B) Disclosure Timelines
 Effective case flow management systems have meaningful goals from inception of a file to its disposition. Especially important are time standards which shape expectations with respect to the maximum length of time appropriate for particular types of cases. In the absence of clear goals, practitioners have no way of measuring their own (or their organization’s) effectiveness in caseload management.Footnote 65 All major studies of trial delay have noted that establishing time limits for each step in the judicial process is one of the most effective ways of reducing delays and improving efficiency. This approach is reflected in the English, Australian and New Zealand disclosure legislation. The only disclosure deadline existing in Canada is the constitutional requirement that the accused be tried without unreasonable delay.
 Judicial pretrial hearings are a regular feature in all levels of court in Canada. But clear authority to issue binding directions is not conferred on the judges presiding over these hearings. They have to rely on persuasion. Some counsel, both Crown and defence, are not easily persuaded. Delay should not be used as a bargaining chip by either party.

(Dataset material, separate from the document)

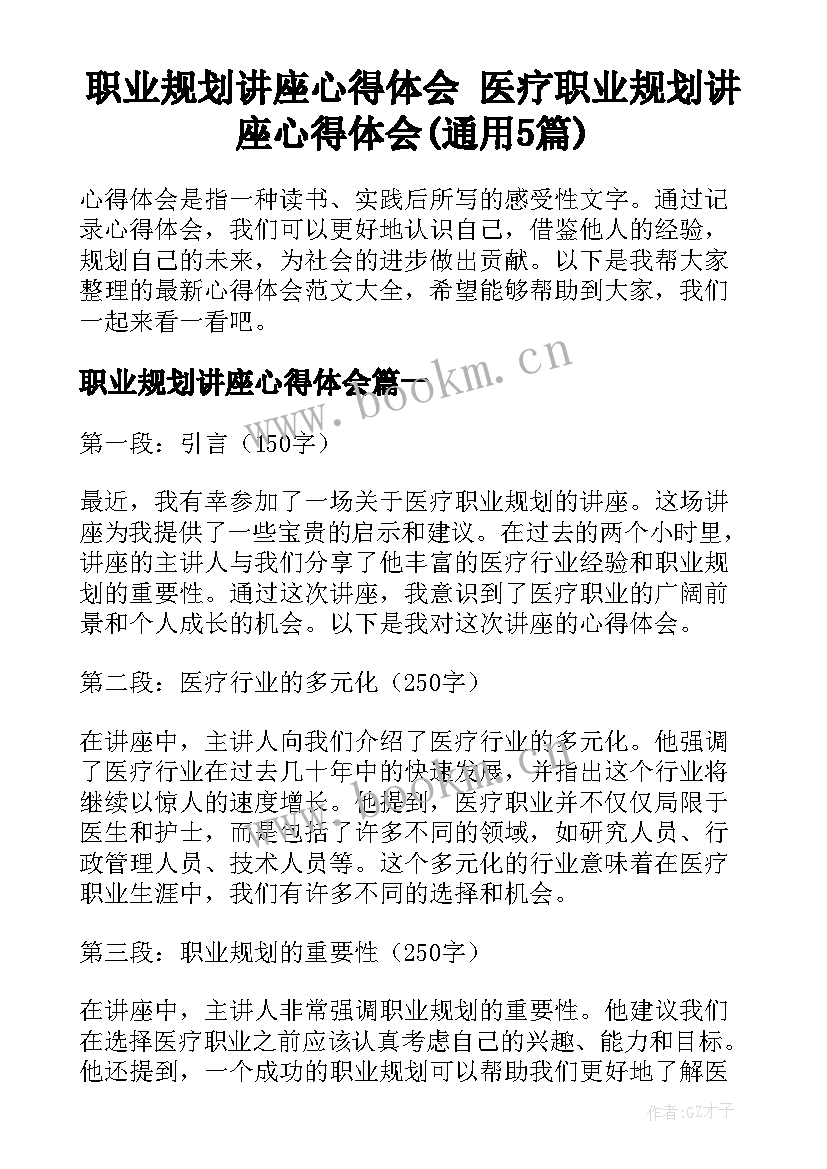 职业规划讲座心得体会 医疗职业规划讲座心得体会(通用5篇)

Where counsel are unreasonable, pretrial judges should have authority to establish binding disclosure deadlines, subject to variation where required in the interests of justice.
 A number of Canadian jurisdictions are facing an acute pre-trial custody crisis. In Ontario, for example, more than 65% of inmates in provincial institutions are awaiting trial. Delay in providing accused with disclosure is one of many problems contributing to systemic backlog in the courts.
 The LeSage/Code Report recommends setting administrative goals for initial disclosure within time limitations running from the date of the charge and commensurate with the nature and complexity of the trial. The Report also recommends the Ontario Police Services Act and the Crown Policy Manual set out these administrative time lines. It has been suggested to us that administrative timelines should be addressed in the agreements contemplated in Recommendation 1.2 above rather than in legislation or inflexible directives.
 A number of reports have endorsed the view that in the absence of exceptional circumstances, primary disclosure should be provided at the first non-bail court appearance of the accused. The Report of the Criminal Justice Review and the Early Case Consideration Report suggest that prior to first appearance, an experienced Crown counsel should screen the charges and confirm the material required to be disclosed.
4.1 We endorse the recommendation in the LeSage/Code and Early Case Consideration reports that administrative goals be set for basic disclosure within time limits running from the date of the charge and commensurate with the nature and complexity of the evidence and the trial. These goals should indicate 1) when the Crown brief is to be finalized to the extent possible by the police and provided to the Crown; and 2) when basic disclosure and the Crown’s position in the event of a guilty plea are to be provided to the accused. These administrative goals should be specified in the agreements referred to in Recommendation 1.2.